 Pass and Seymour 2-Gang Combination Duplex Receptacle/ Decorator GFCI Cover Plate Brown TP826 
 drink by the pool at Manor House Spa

-----

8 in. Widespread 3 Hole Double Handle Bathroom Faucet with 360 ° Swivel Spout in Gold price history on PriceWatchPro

-----

**Exercise goal**
Go to the line with "Pass and Seymour" in the entries above and repeat every line from there through the line with "drink by the pool at Manor House Spa", exactly and with no other text.

**Answer for the task**
 Pass and Seymour 2-Gang Combination Duplex Receptacle/ Decorator GFCI Cover Plate Brown TP826 
 drink by the pool at Manor House Spa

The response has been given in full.